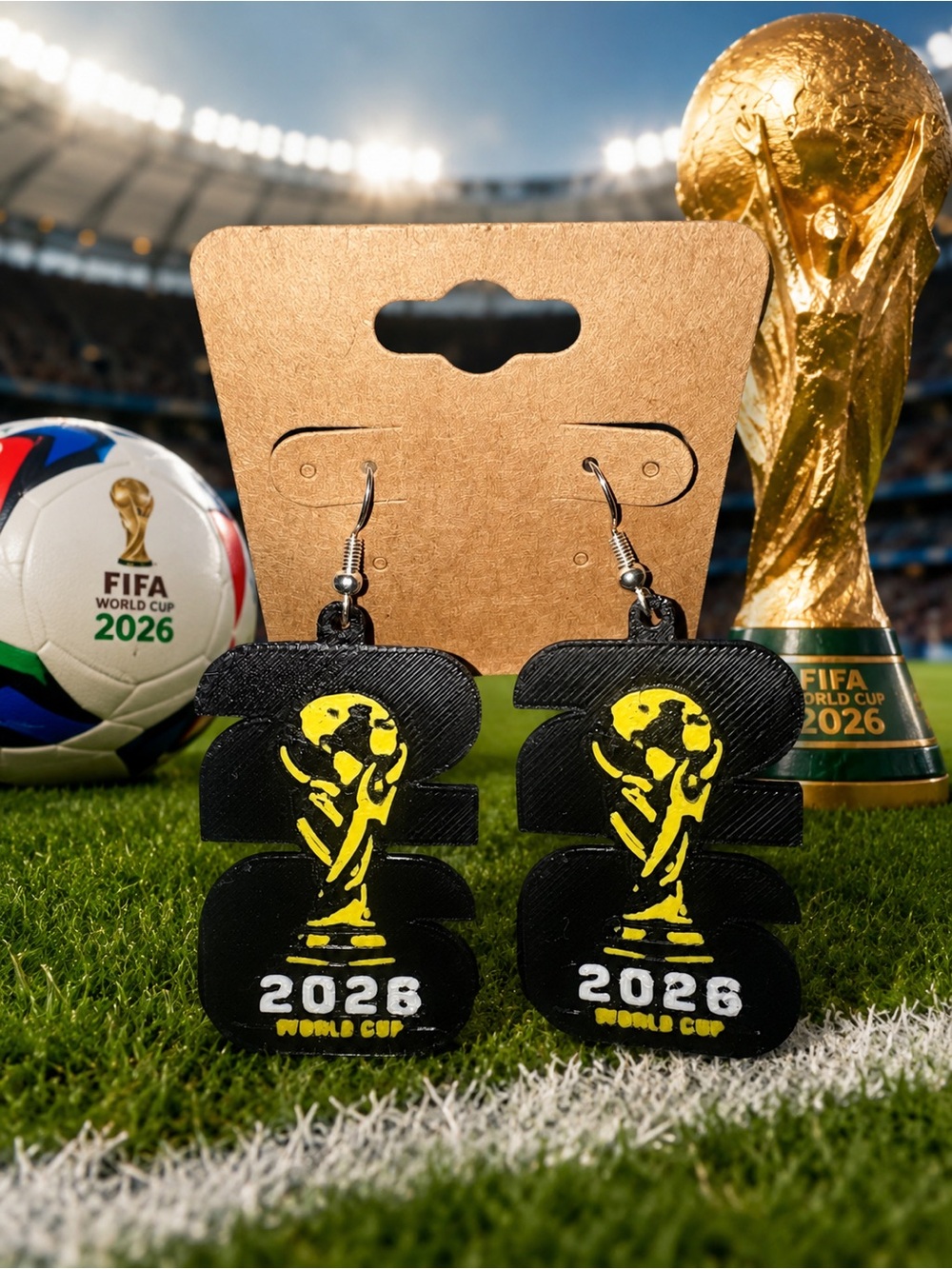 Black & Yellow 2026 World Cup Dangle Earrings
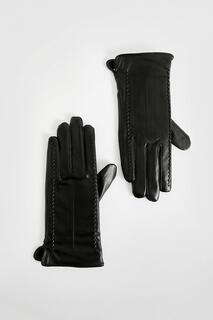 Перчатки из искусственной кожи со швами boohoo, черный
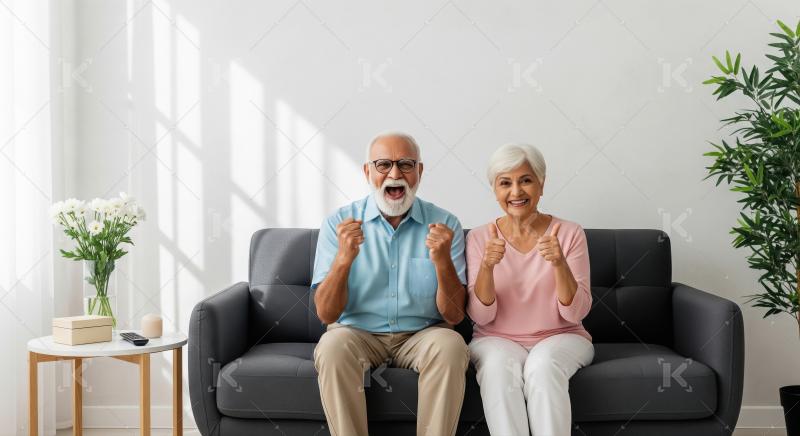 Happy indian senior couple showing thumbs up together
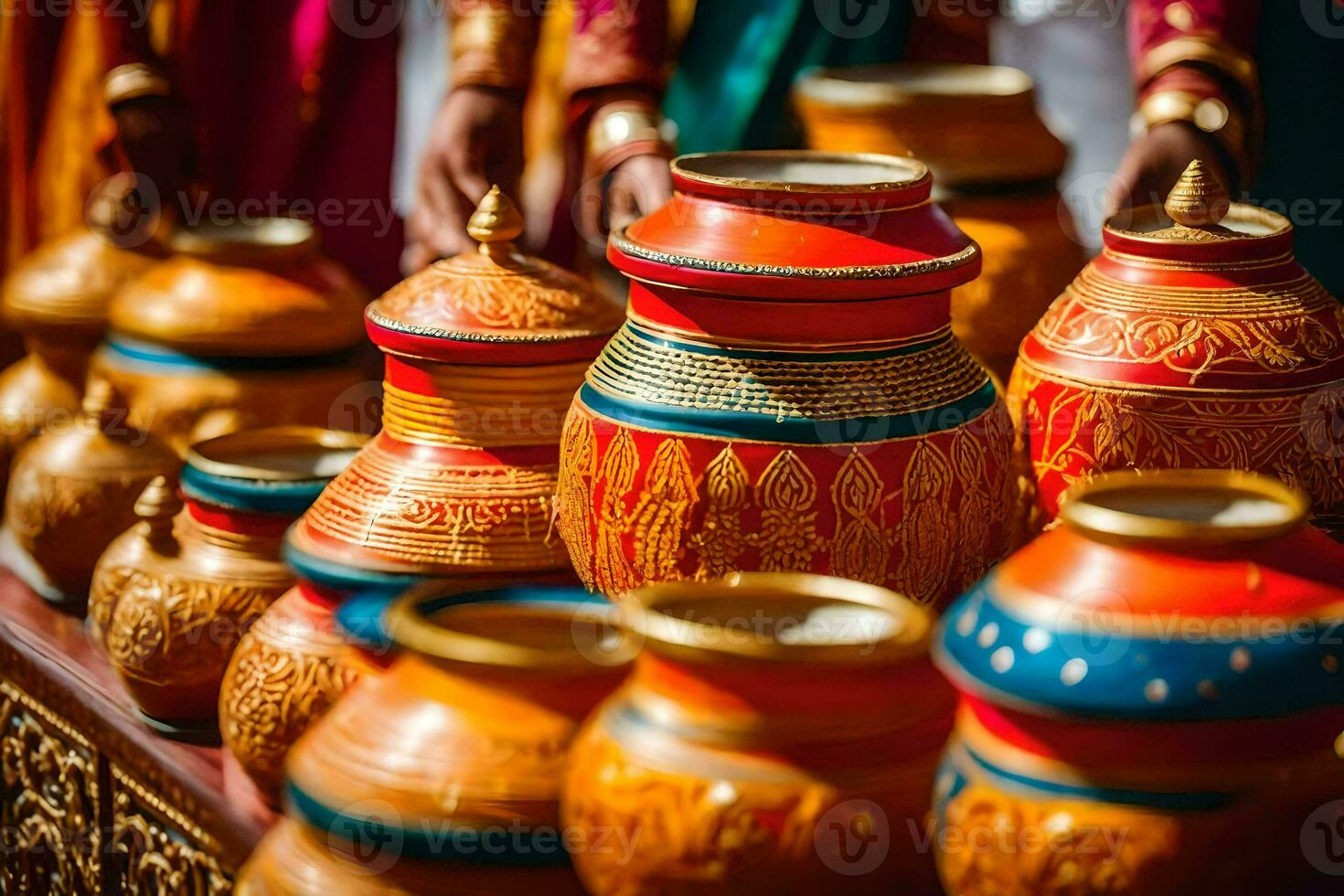 colorful pots and vases are displayed on a table. AI-Generated photo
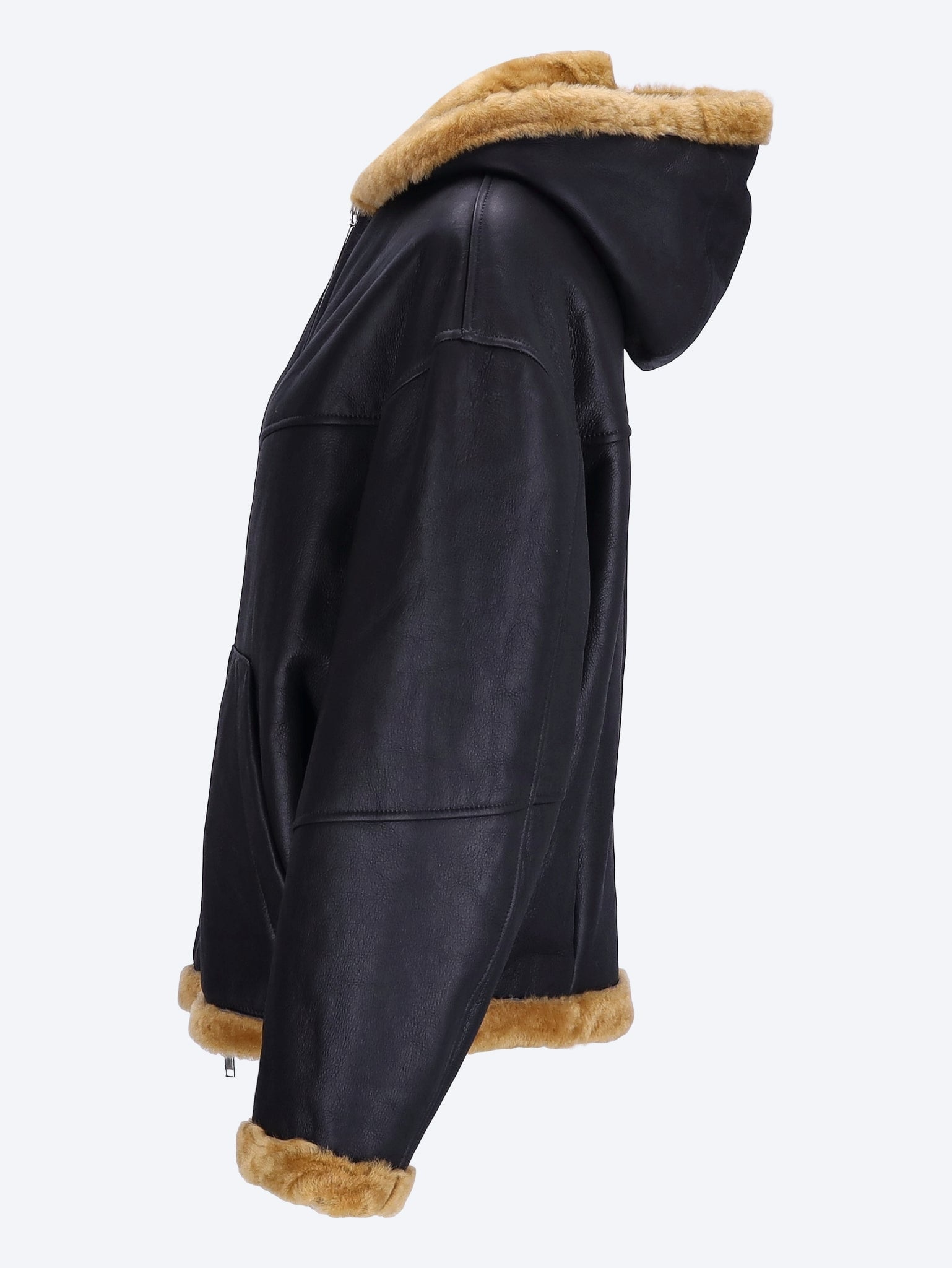 Hoodie shearling bomber reversible jacket 2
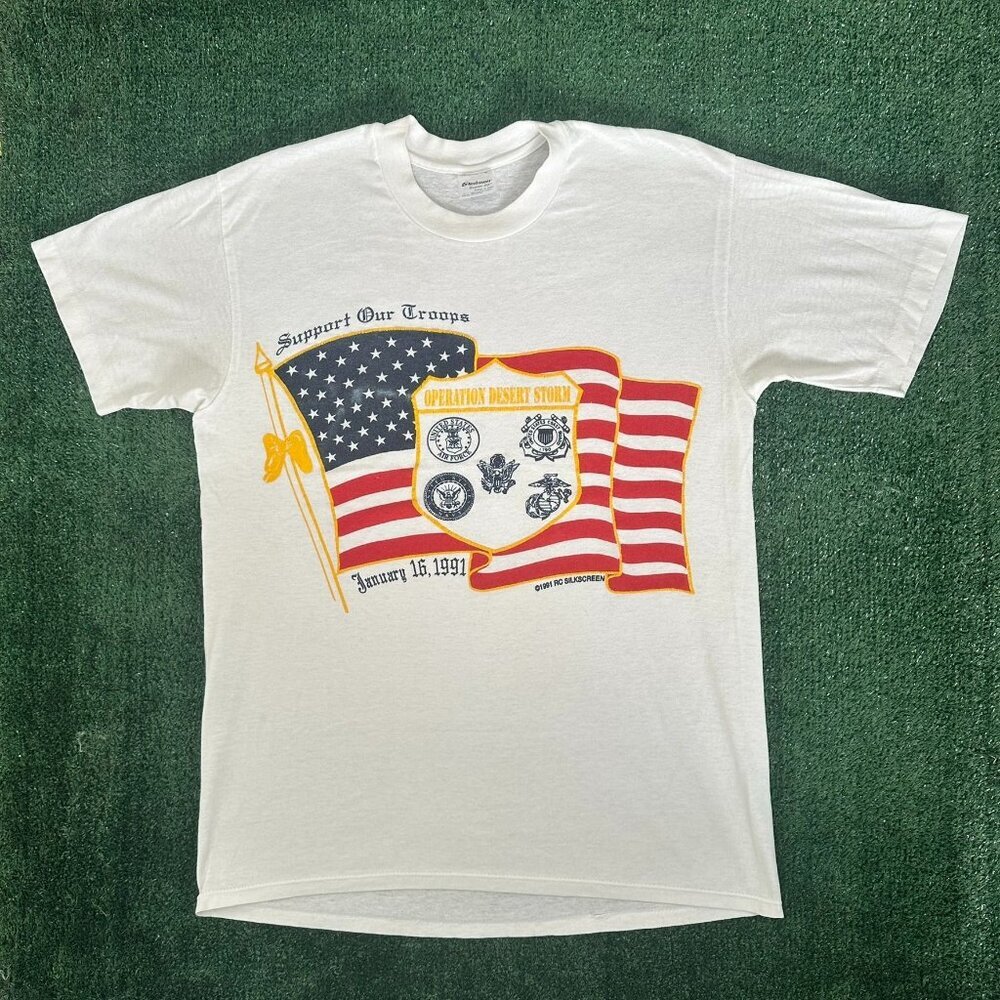 Vintage 90s Desert Storm T-Shirt White L Iraq War Single Stitch Military Patriot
━━━━━━━━━━━━━━━━━━━━
## What you need to do
Only one thing is required here: an exact copy of the lines from the one bearing "Happy indian senior" through the final line above, both included, with pictures left out.

## Response below
 Happy indian senior couple showing thumbs up together
 colorful pots and vases are displayed on a table. AI-Generated photo
 Hoodie shearling bomber reversible jacket 2
 Vintage 90s Desert Storm T-Shirt White L Iraq War Single Stitch Military Patriot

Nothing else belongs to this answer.